• Your goal: Repeat exactly the lines of the material below that run from the "Men’s Manzini Brown" line to the "Silver Peacock Earrings" line, including both, and do not carry over any pictures.

• Data:
· · · · ·
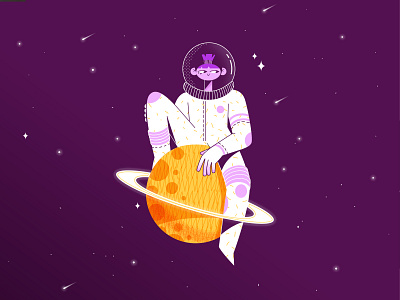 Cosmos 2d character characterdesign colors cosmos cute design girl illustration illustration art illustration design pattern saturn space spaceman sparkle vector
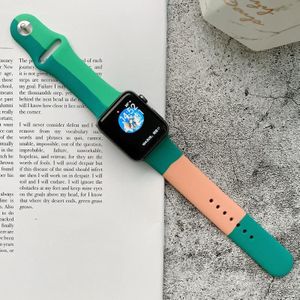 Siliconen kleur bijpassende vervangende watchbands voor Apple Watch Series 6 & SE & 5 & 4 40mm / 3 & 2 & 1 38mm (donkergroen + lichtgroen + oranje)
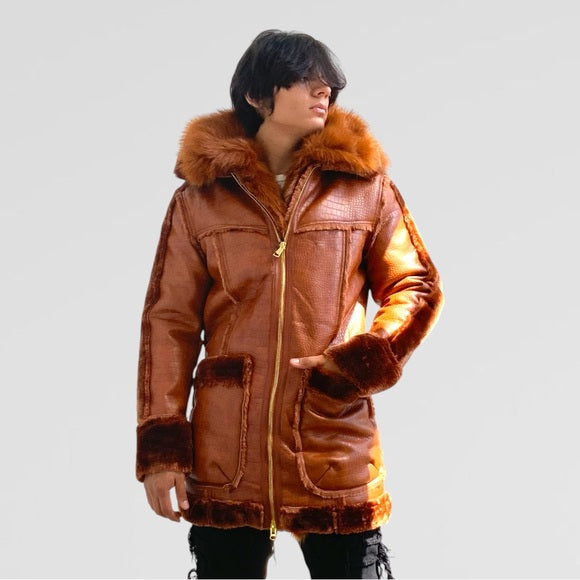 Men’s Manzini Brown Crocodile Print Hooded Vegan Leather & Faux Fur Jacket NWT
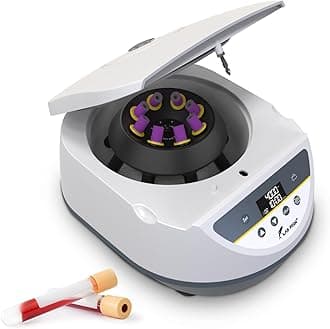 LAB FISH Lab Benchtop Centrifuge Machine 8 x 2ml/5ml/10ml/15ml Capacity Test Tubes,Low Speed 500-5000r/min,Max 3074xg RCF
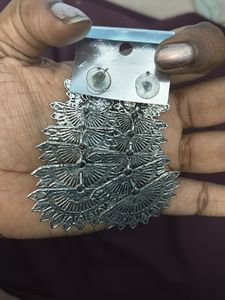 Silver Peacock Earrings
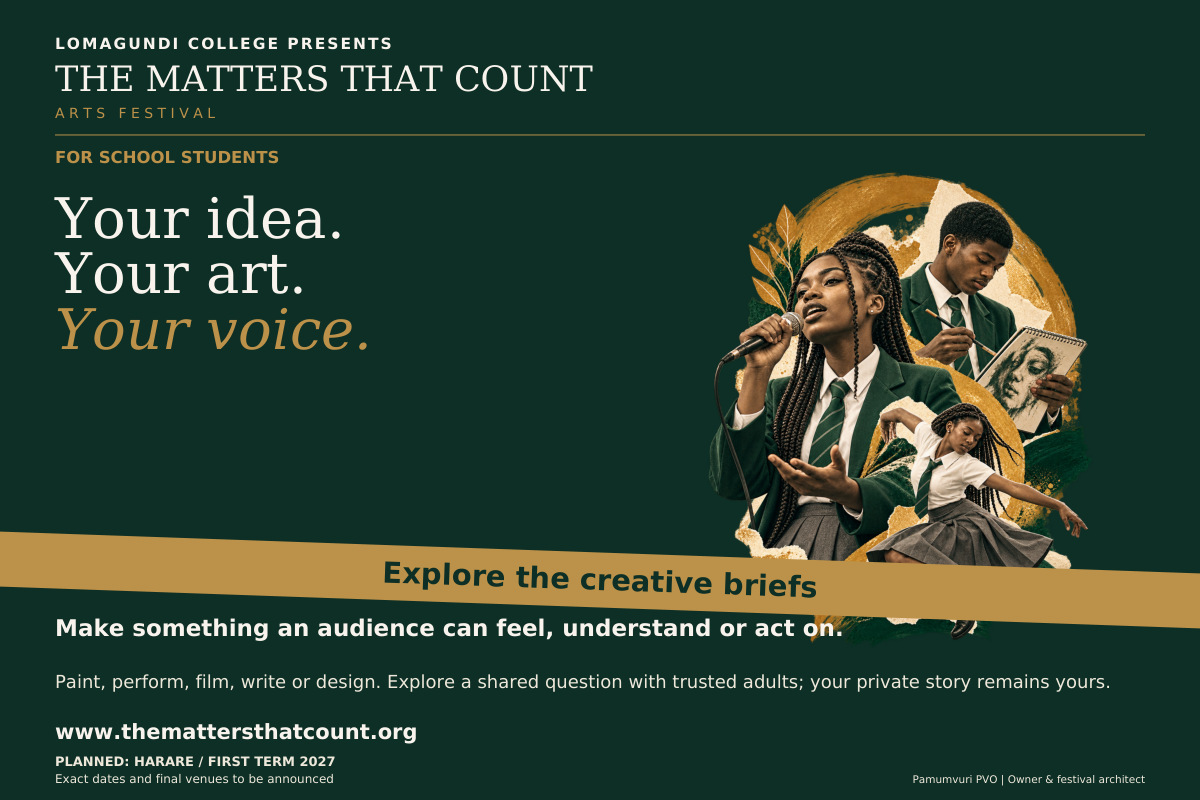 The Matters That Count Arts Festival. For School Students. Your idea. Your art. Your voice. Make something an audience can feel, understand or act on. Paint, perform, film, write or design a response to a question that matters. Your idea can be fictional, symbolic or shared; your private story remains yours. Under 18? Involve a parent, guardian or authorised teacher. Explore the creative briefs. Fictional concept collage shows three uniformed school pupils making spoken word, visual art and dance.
· · · · ·
• Solved problem:
 Men’s Manzini Brown Crocodile Print Hooded Vegan Leather & Faux Fur Jacket NWT
 LAB FISH Lab Benchtop Centrifuge Machine 8 x 2ml/5ml/10ml/15ml Capacity Test Tubes,Low Speed 500-5000r/min,Max 3074xg RCF
 Silver Peacock Earrings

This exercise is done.